Only a slice of the listing below is wanted. Retype the lines from the one containing "Step 2: we will" through the one containing "And for one", exactly, both ends included.

Stored data:
= = =

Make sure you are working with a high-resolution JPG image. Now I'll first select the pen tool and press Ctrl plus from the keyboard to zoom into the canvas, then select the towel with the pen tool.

= = =

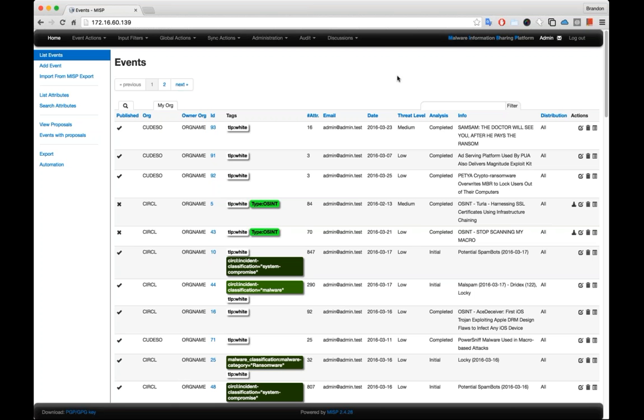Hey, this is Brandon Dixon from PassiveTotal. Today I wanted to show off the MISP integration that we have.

= = =

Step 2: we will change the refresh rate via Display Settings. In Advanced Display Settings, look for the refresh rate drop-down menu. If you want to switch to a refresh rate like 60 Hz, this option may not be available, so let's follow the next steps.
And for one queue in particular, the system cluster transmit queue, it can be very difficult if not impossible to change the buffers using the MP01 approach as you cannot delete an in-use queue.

= = =

Written answer:
Step 2: we will change the refresh rate via Display Settings. In Advanced Display Settings, look for the refresh rate drop-down menu. If you want to switch to a refresh rate like 60 Hz, this option may not be available, so let's follow the next steps.
And for one queue in particular, the system cluster transmit queue, it can be very difficult if not impossible to change the buffers using the MP01 approach as you cannot delete an in-use queue.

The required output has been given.